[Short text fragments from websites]
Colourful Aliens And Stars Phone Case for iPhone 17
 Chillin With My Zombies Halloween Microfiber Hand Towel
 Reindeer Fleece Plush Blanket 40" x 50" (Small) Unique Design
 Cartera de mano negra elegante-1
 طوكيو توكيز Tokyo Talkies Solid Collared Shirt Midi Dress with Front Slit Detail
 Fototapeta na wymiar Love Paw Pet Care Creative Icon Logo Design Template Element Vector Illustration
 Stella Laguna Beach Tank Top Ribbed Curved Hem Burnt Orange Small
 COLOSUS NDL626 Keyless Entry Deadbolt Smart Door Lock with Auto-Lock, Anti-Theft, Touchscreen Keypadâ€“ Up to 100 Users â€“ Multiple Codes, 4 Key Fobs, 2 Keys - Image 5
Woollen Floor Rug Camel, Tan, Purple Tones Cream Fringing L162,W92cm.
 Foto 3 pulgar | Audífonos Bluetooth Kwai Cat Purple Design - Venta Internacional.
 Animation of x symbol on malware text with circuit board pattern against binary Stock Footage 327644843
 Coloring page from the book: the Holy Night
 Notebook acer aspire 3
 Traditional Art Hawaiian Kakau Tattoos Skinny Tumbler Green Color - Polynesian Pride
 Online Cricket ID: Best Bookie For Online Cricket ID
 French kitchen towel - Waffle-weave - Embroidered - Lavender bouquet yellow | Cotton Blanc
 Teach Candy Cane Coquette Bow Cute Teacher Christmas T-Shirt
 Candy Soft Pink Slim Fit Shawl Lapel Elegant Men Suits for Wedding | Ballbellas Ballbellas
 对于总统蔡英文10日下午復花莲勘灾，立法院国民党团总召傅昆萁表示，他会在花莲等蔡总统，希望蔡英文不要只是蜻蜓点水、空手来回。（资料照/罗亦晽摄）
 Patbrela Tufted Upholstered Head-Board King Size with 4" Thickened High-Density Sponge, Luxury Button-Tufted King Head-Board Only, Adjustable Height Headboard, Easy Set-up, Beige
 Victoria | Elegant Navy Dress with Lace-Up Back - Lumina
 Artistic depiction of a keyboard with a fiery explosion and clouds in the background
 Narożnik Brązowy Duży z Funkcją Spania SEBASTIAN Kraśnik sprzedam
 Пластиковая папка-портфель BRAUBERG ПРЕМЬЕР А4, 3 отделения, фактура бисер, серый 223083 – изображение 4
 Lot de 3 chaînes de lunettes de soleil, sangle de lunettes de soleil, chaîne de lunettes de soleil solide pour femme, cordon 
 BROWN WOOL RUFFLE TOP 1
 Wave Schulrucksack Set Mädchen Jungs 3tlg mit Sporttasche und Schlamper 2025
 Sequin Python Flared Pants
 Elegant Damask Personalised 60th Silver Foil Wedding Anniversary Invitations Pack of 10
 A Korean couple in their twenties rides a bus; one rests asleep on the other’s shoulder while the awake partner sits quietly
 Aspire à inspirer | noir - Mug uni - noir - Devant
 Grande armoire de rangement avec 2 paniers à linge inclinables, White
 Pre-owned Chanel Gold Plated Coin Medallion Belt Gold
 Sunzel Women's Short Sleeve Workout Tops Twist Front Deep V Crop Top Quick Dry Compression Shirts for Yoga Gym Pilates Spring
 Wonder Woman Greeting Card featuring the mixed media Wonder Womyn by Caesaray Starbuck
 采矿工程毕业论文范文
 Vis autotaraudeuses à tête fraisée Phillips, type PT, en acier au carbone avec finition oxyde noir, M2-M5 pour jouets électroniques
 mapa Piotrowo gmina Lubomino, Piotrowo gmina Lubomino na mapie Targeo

Work task: Write out exactly the lines that begin at the one containing "Elegant Damask Personalised" and continue through the last line of the data, and only those.

Response area:
 Elegant Damask Personalised 60th Silver Foil Wedding Anniversary Invitations Pack of 10
 A Korean couple in their twenties rides a bus; one rests asleep on the other’s shoulder while the awake partner sits quietly
 Aspire à inspirer | noir - Mug uni - noir - Devant
 Grande armoire de rangement avec 2 paniers à linge inclinables, White
 Pre-owned Chanel Gold Plated Coin Medallion Belt Gold
 Sunzel Women's Short Sleeve Workout Tops Twist Front Deep V Crop Top Quick Dry Compression Shirts for Yoga Gym Pilates Spring
 Wonder Woman Greeting Card featuring the mixed media Wonder Womyn by Caesaray Starbuck
 采矿工程毕业论文范文
 Vis autotaraudeuses à tête fraisée Phillips, type PT, en acier au carbone avec finition oxyde noir, M2-M5 pour jouets électroniques
 mapa Piotrowo gmina Lubomino, Piotrowo gmina Lubomino na mapie Targeo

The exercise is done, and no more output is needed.